President-elect Donald Trump proposed on Tuesday a penalty -- including possible jail time or loss of citizenship -- for burning the American flag, in spite of two US Supreme Court rulings that protect the act under the First Amendment as a form of free speech.
"Nobody should be allowed to burn the American flag -- if they do, there must be consequences -- perhaps loss of citizenship or year in jail!," Trump tweeted.
The Supreme Court twice affirmed the right to desecrate the American flag as a form of free speech -- a historically contentious issue -- in cases before the high court in 1989 and 1990.

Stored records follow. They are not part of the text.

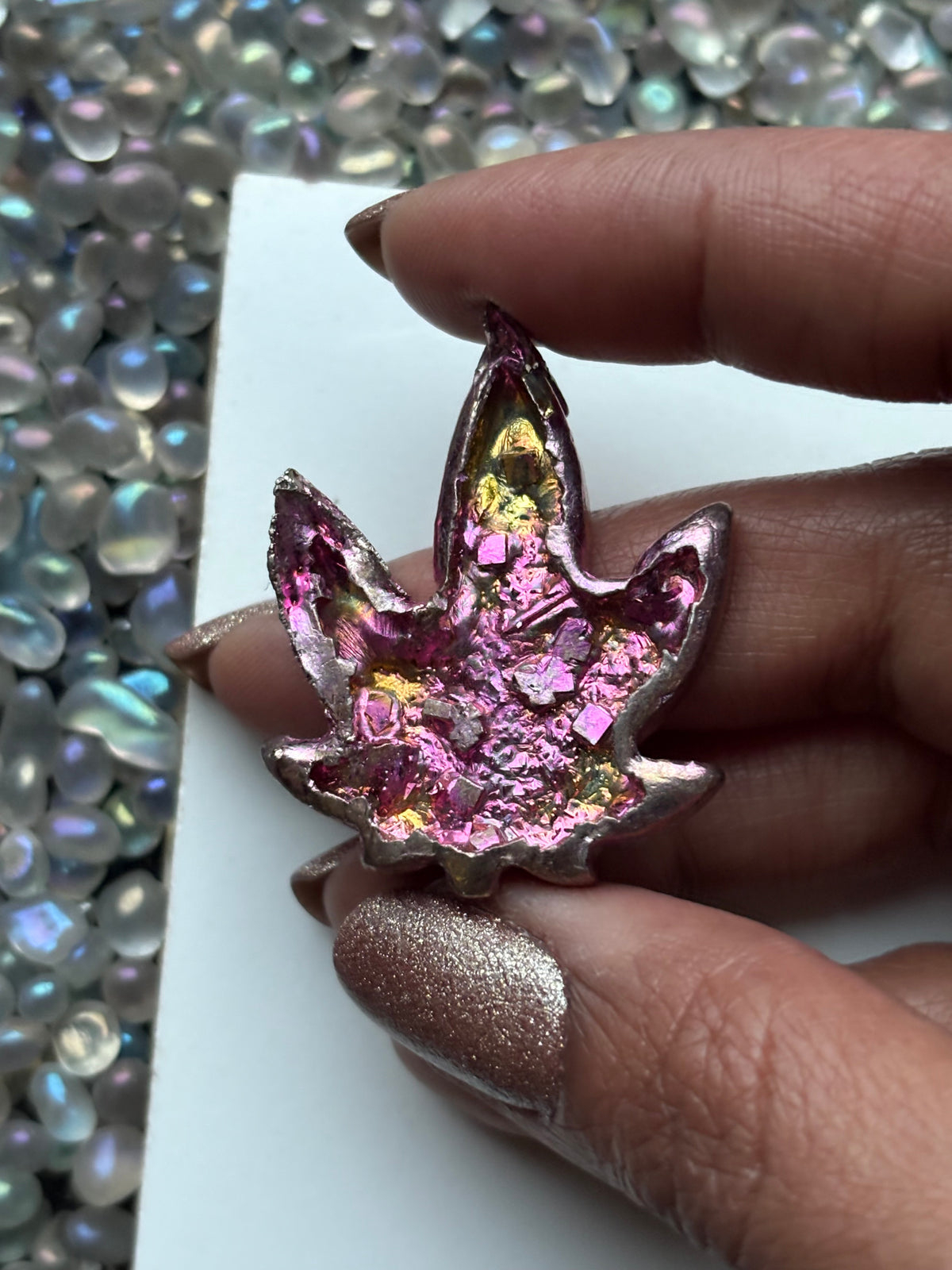 Pink Bismuth Crystal Pot Leaf Metal Art Sculpture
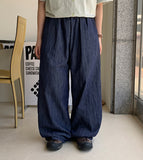 Taise banding raw wide denim pants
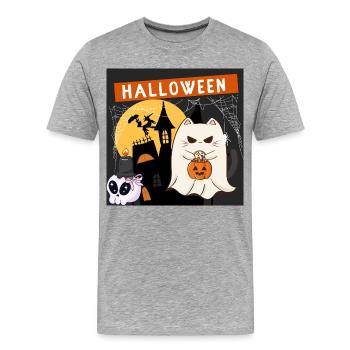 Kawaii Geisterkatze mit einem Halloween-Kürbis - Männer Premium Bio T-Shirt - Grau meliert - Vorne - Damien (186cm)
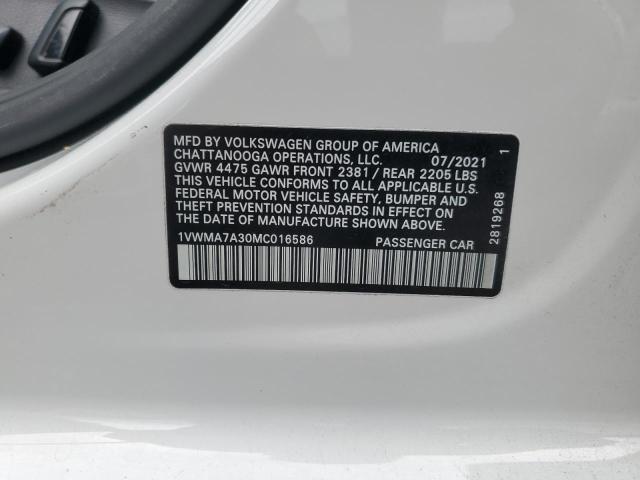 2021 VOLKSWAGEN PASSAT R-L 1VWMA7A30MC016586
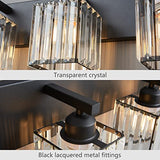 Modern Bathroom Vanity Light 4-Lights Modern Black Crystal Wall Light Bathroom Vanity Light Fixtures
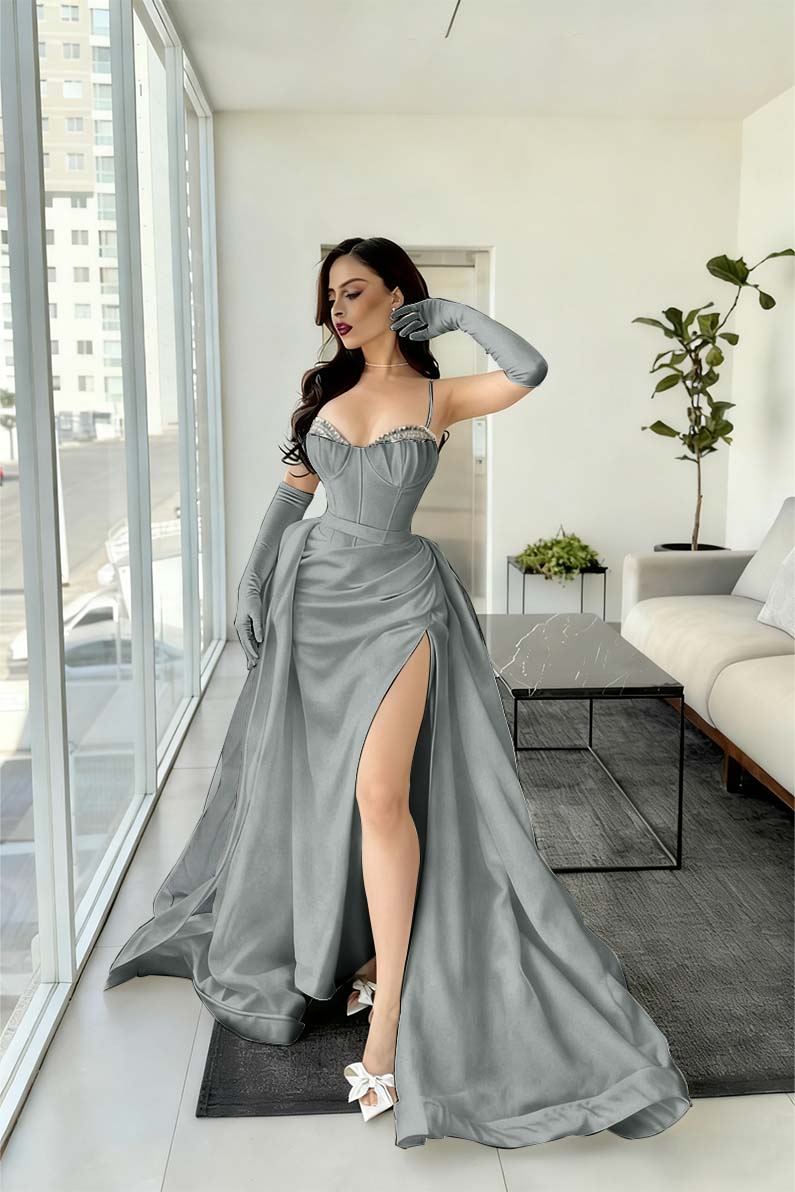 Spaghetti Strap Sleeveless Long Mermaid Prom Dress With Split Gloves BMBRIDE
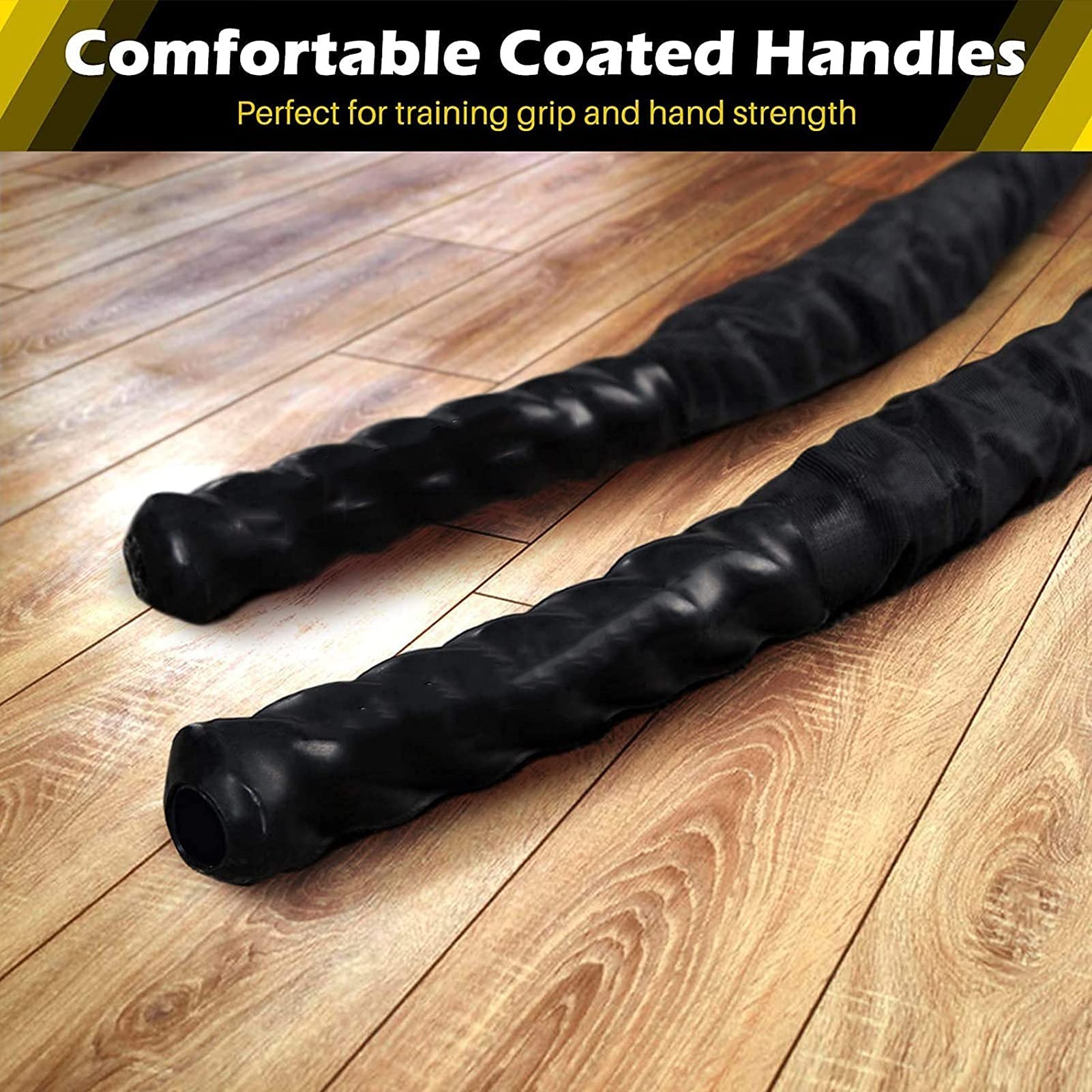 Fitnesstraining Schweres Battle Rope mit Ankersets, Übung Workout Kraft Gewicht Welligkeit Seile, Polyester-Fitnessstudio-Nylon-Krafttrainingsseil (Size : 15m)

In the 1989 case "Texas v. Johnson," the Supreme Court ruled 5-4 that flag burning was a form of "symbolic speech" that was protected by the First Amendment. The ruling was granted after an appeal from Gregory Johnson, who had been convicted by a Texas court of violating a state law that prohibited the "desecration of a venerated object" such as the US flag.
The following year, in "United states v. Eichman," the Supreme Court again affirmed the right to burn the flag when it ruled 7-3 that the Flag Protection Act of 1989 -- passed by Congress in response to the Johnson decision -- was unconstitutional.
When asked about the Supreme Court rulings on CNN's "New Day," Trump transition spokesman Jason Miller did not respond to questions about the constitutional protections of flag burning.
"Flag burning should be illegal," Miller repeatedly told CNN's Chris Cuomo.